Also stupid scientific management theory established the 15 minute morning and afternoon break with a 20-30 minute lunch by combining hours. The original theory showed 5 minutes break out if every hour really helps a lot. And after 8 hours your performance drops pretty quickly. On strenuous jobs by 12 hours you're basically unproductive. By about 16 hours or so you can't pass a sobriety test even without alcohol.

Room temperature is important too. We sleep best if our bodies are warm but the room is a bit cooler. Ever sleep with the windows open in the fall/spring? It's like that. Those stupid white noise ocean or cricket radio sounds help too.

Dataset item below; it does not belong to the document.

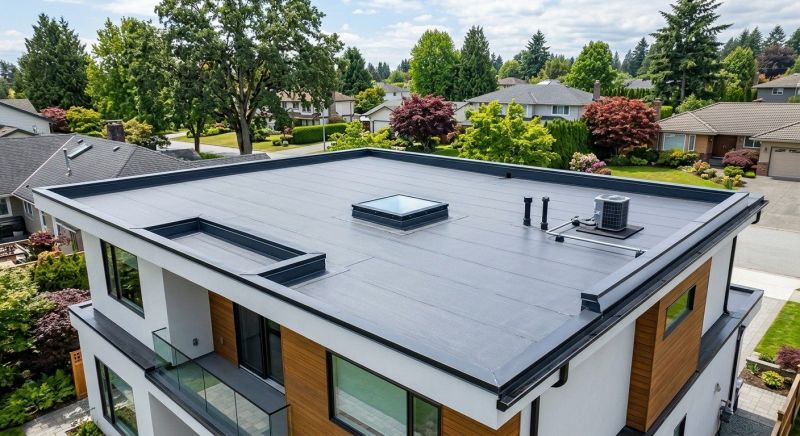 Flat Roof Installation in Jamestown, CO
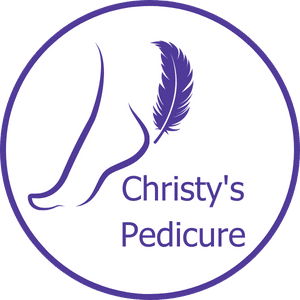 Logo van Christy’s Pedicure – pedicurepraktijk Voorstraat 246 Lekkerkerk.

Sent from my SM-T350 using Tapatalk


----------



## flyboy (Jun 13, 2011)

micromind said:


> I was born tired and keep getting more and more tired as the years go by.........
> 
> I get form 3 - 5 hours of sleep a night, usually closer to 3. Once in a great while, I will get 5 or 6, I doubt if I've ever gotten more than that.
> 
> ...


Which is how long it seemed reading this post. Now I'm tired and need a nap. :sleeping:


----------



## daveEM (Nov 18, 2012)

MechanicalDVR said:


> 3. Drink more coffee
> 
> 4. Take a day off to nap
> 
> 5. Drink more coffee


Yep. Italian Dark Roast for me. K-cup pods.


----------



## MechanicalDVR (Dec 29, 2007)

daveEM said:


> Yep. Italian Dark Roast for me. K-cup pods.


:thumbup:


Ever try Cafe' Bustelo?


----------



## jelhill (Nov 11, 2018)

MechanicalDVR said:


> 1. Drink more coffee
> 
> 2. Run to the range and punch holes in paper at long distances
> 
> ...



#4 and #10 (In my case... while drinking hot chocolate) :thumbup::thumbup:


----------



## macmikeman (Jan 23, 2007)

Get an 18 yr old girlfriend. That'l wake you up. If your lucky she'll be a mute though. Blind and mute. That's the ticket. Yea............


----------



## daveEM (Nov 18, 2012)

MechanicalDVR said:


> :thumbup:
> 
> 
> Ever try Cafe' Bustelo?


No. Never heard of it. Looks like 'on line' for me in Canada. I flagged some on Amazon... might order a box in to try it out.


----------



## MechanicalDVR (Dec 29, 2007)

daveEM said:


> No. Never heard of it. Looks like 'on line' for me in Canada. I flagged some on Amazon... might order a box in to try it out.


I love it, not as harsh as Medaglia d'oro by any means and less pricey when I picked it up. I get it at Walmart in the 10oz brick.

https://www.walmart.com/ip/3-Pack-Caf-Bustelo-Ground-Coffee-Dark-Roast-10-Ounce-Brick/47243161


----------



## stuiec (Sep 25, 2010)

- naps whenever possible
- two men's league hockey teams
- did I mention naps?


----------



## brian john (Mar 11, 2007)

Sometimes a power nap, sometimes 2 in a day, sometimes a real nap and other times I just sleep.


----------



## stuiec (Sep 25, 2010)

brian john said:


> Sometimes a power nap, sometimes 2 in a day, sometimes a real nap and other times I just sleep.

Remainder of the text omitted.